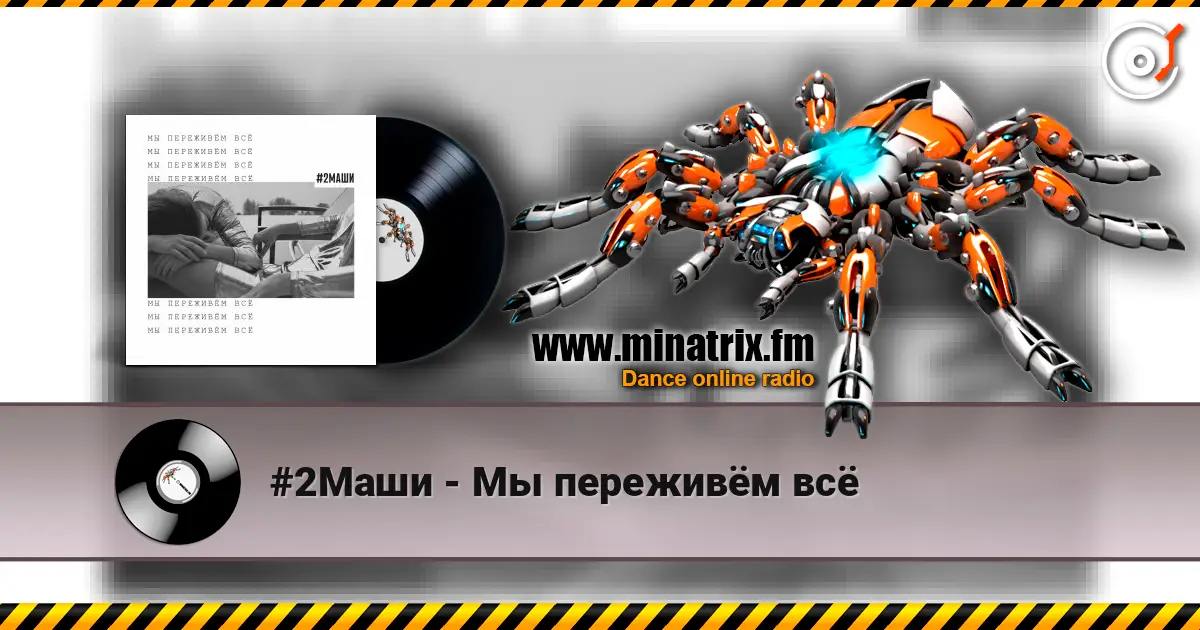 #2Маши - Мы переживём всё 在线收听高音质 | Minatrix.FM
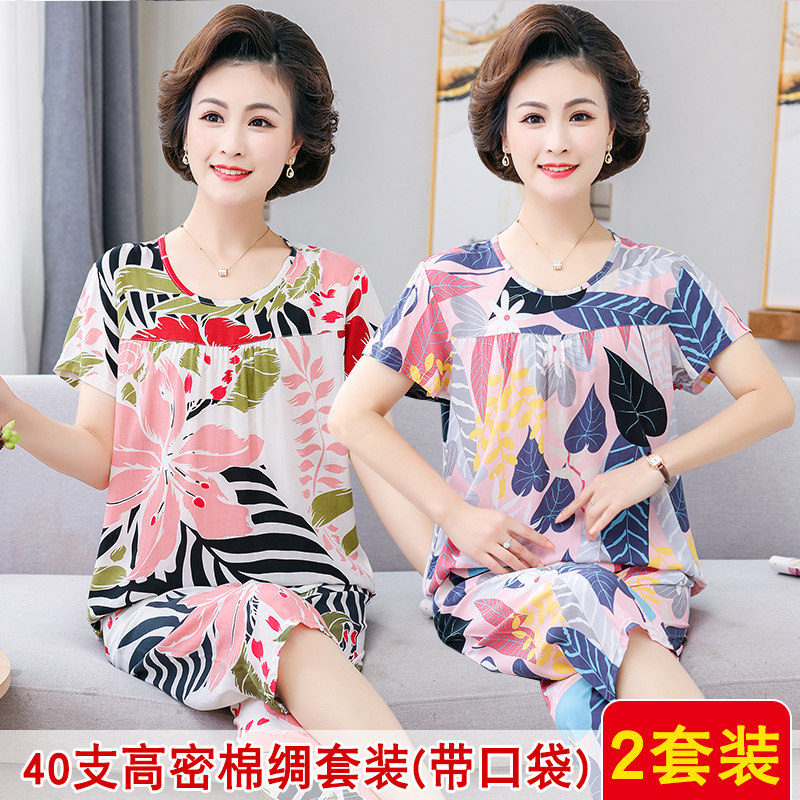 中老年棉绸套装老人绵绸家居服妈妈睡衣夏季女短袖人造棉两件套装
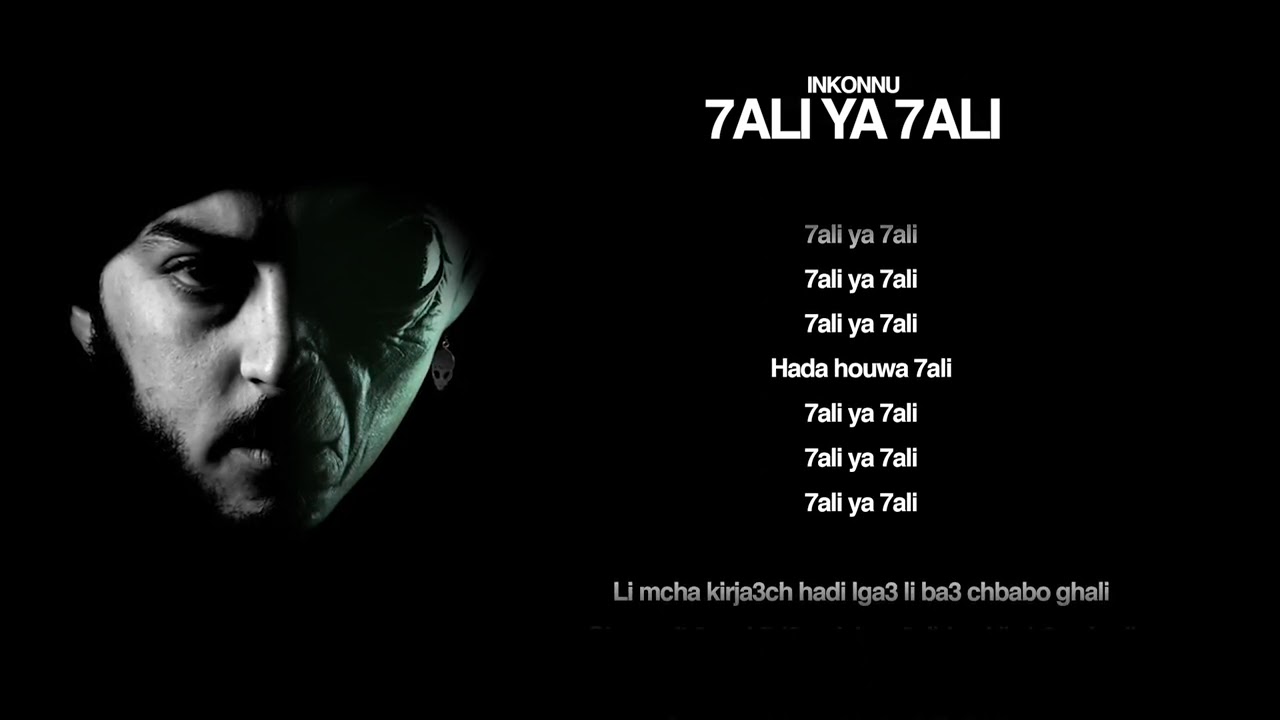 INKONNU   7ALI YA 7ALI  Official lyrics video ProdBy HKey Beats  Arabii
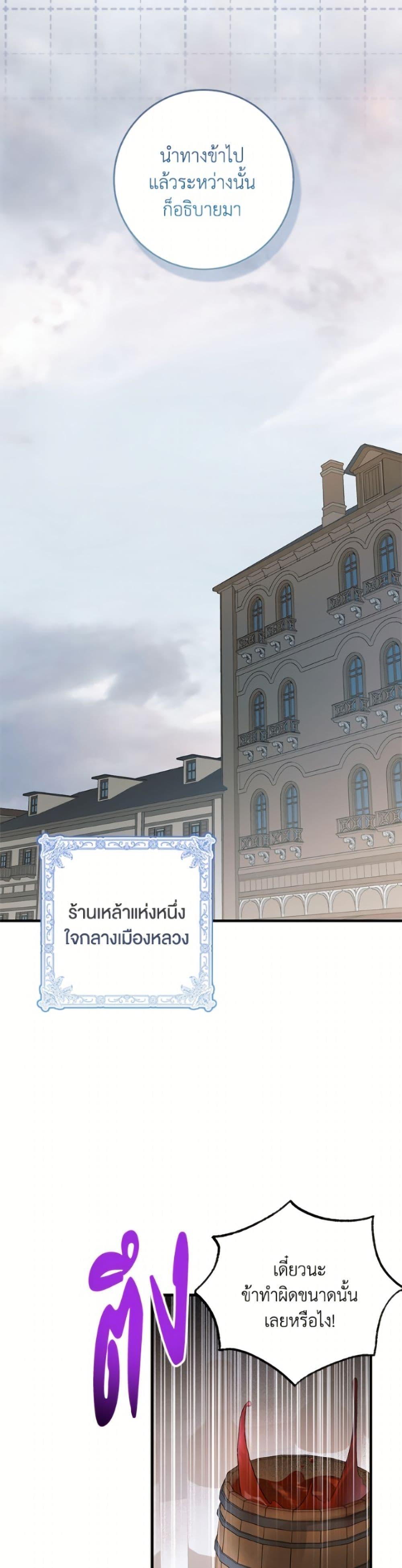 Manga-lc-com อ่านมังงะ อ่านการ์ตูน ออนไลน์ ฟรี A Way to Protect the Lovable You ตอนที่ 1 2 3 4 5 6 7 8 9 10 11 12 13 14 ฟรี ไม่มีโฆษณา Manga-lc - อ่าน มังงะ อ่าน การ์ตูน ออนไลน์ อ่านมังงะ ฟรี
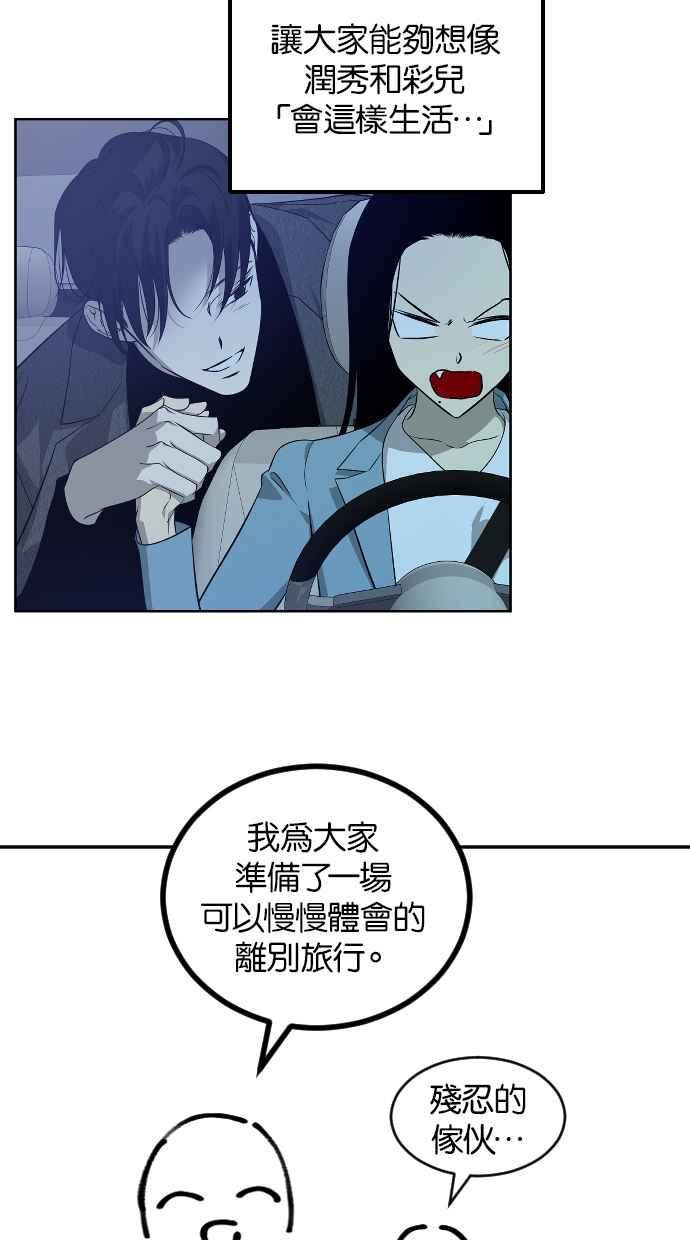 陷阱 后记 第9页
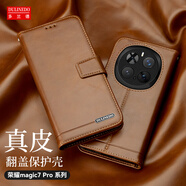 多蘭德榮耀Magic8真皮手機殼Magic8Pro翻蓋保護套Magic7全包防摔錢(qián)包式插卡影音支架皮套 棕色 榮耀Magic 8Pro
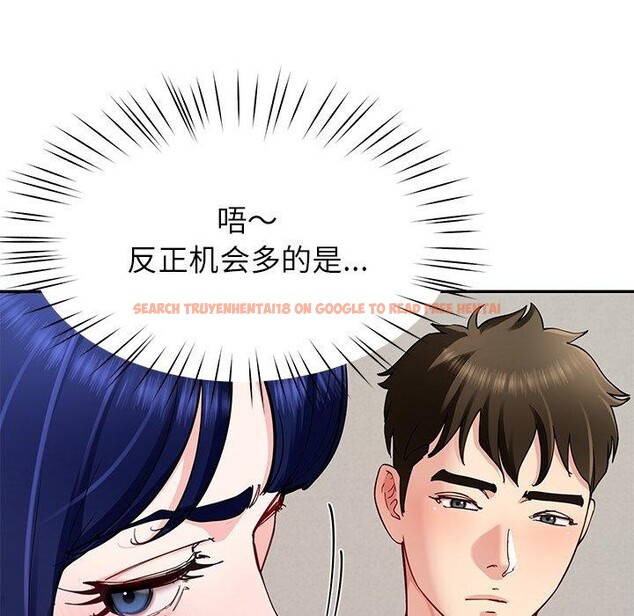 查看漫画後宮之王 - 第37話 - tymanga.com中的3420661图片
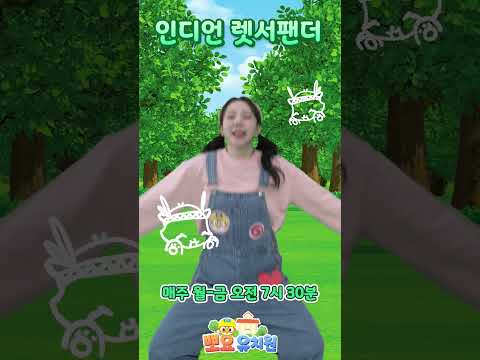 🏫뽀요 유치원 율동 동요 | 인디언 렛서팬더 | 친구들, 따라해 보세요 | 매주 월-금 아침 7시 30분 방송📺👀 | 뽀요TV | 뽀로로 타요 동요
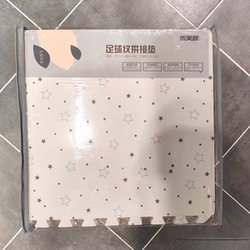 Climbing Mat [Xuchang Pangdonglai Genuine Product with Receipt] Football Pattern Splicing Mat Crawling Mat Non-Slip High Elasticity Moisture-Proof
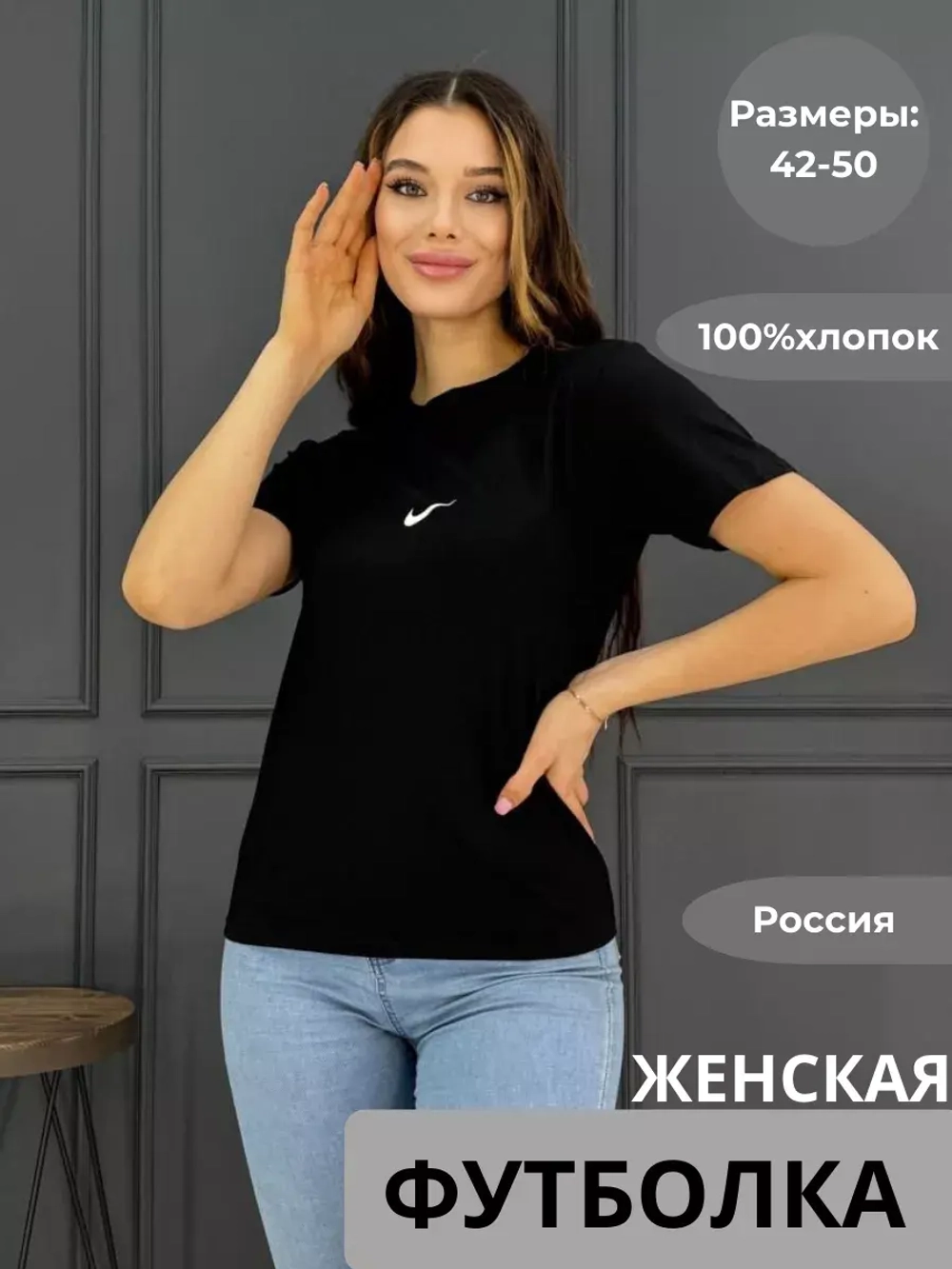Футболка хлопковая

•••••

**Exercise brief**
Once the line containing "뽀요TV | 뽀로로 타요 동요" has been copied, stop; everything from the first line of the data up to it must be copied exactly, without pictures.

**Output for this exercise**
 #2Маши - Мы переживём всё 在线收听高音质 | Minatrix.FM
 中老年棉绸套装老人绵绸家居服妈妈睡衣夏季女短袖人造棉两件套装
 INKONNU   7ALI YA 7ALI  Official lyrics video ProdBy HKey Beats  Arabii
 Manga-lc-com อ่านมังงะ อ่านการ์ตูน ออนไลน์ ฟรี A Way to Protect the Lovable You ตอนที่ 1 2 3 4 5 6 7 8 9 10 11 12 13 14 ฟรี ไม่มีโฆษณา Manga-lc - อ่าน มังงะ อ่าน การ์ตูน ออนไลน์ อ่านมังงะ ฟรี
 陷阱 后记 第9页
 多蘭德榮耀Magic8真皮手機殼Magic8Pro翻蓋保護套Magic7全包防摔錢(qián)包式插卡影音支架皮套 棕色 榮耀Magic 8Pro
 查看漫画後宮之王 - 第37話 - tymanga.com中的3420661图片
 🏫뽀요 유치원 율동 동요 | 인디언 렛서팬더 | 친구들, 따라해 보세요 | 매주 월-금 아침 7시 30분 방송📺👀 | 뽀요TV | 뽀로로 타요 동요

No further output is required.